## WHAT TO DO
Begin at the line that holds "Smokestone Ring" and copy each line exactly until the data below ends, including that last line but no pictures.

## Crawled caption data

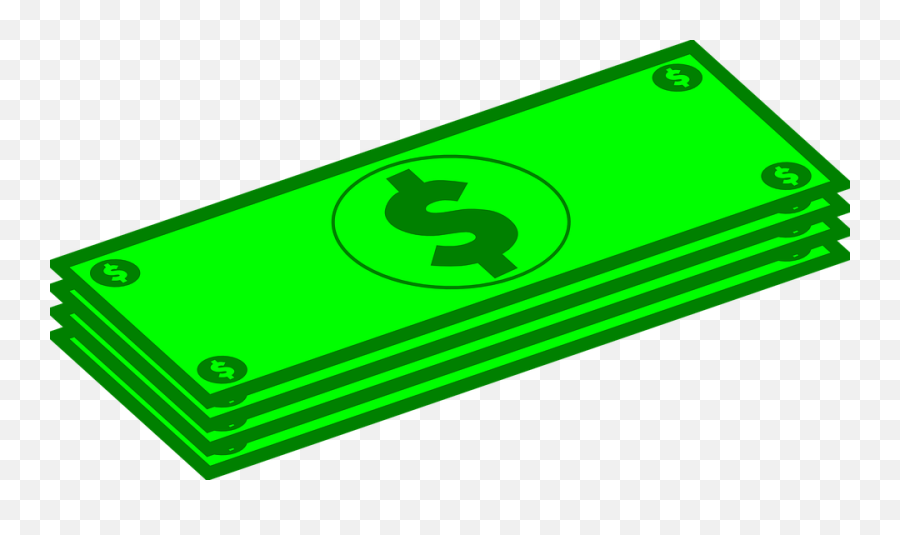 Dollars Clipart 100 Dollar Transparent - Money Bill Clipart Png,100 Dollar Bill Png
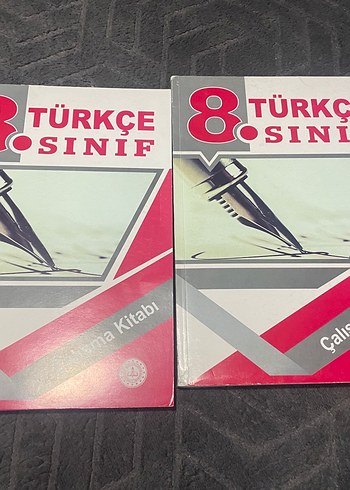 8. Sınıf Türkçe Çalışma Kitabı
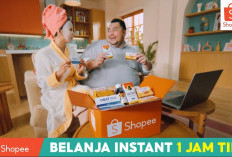 Shopee Belanja Instant 1 Jam Tiba Jadi Solusi Belanja Cepat untuk Kebutuhan Harian Mendadak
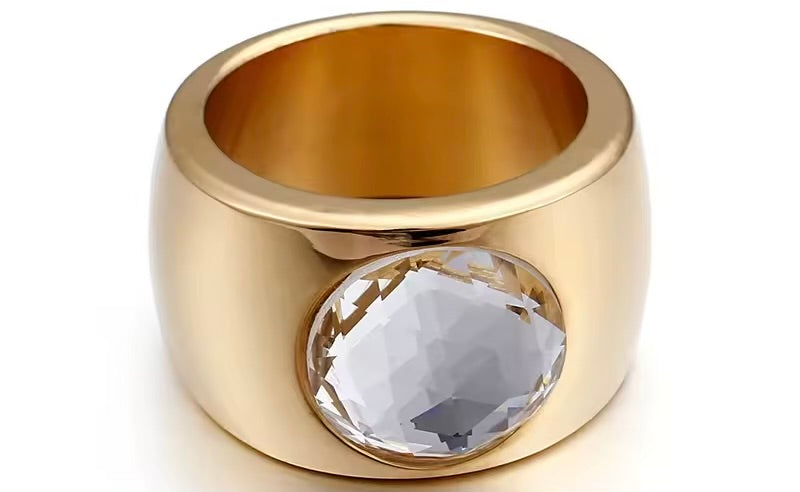 Smokestone Ring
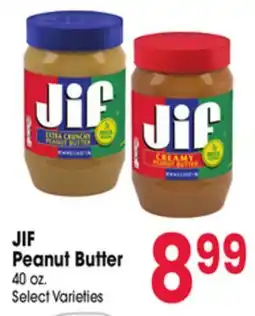 Jewel-Osco JIF Peanut Butter offer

## RESULT OF THE EXERCISE
 Smokestone Ring
 Jewel-Osco JIF Peanut Butter offer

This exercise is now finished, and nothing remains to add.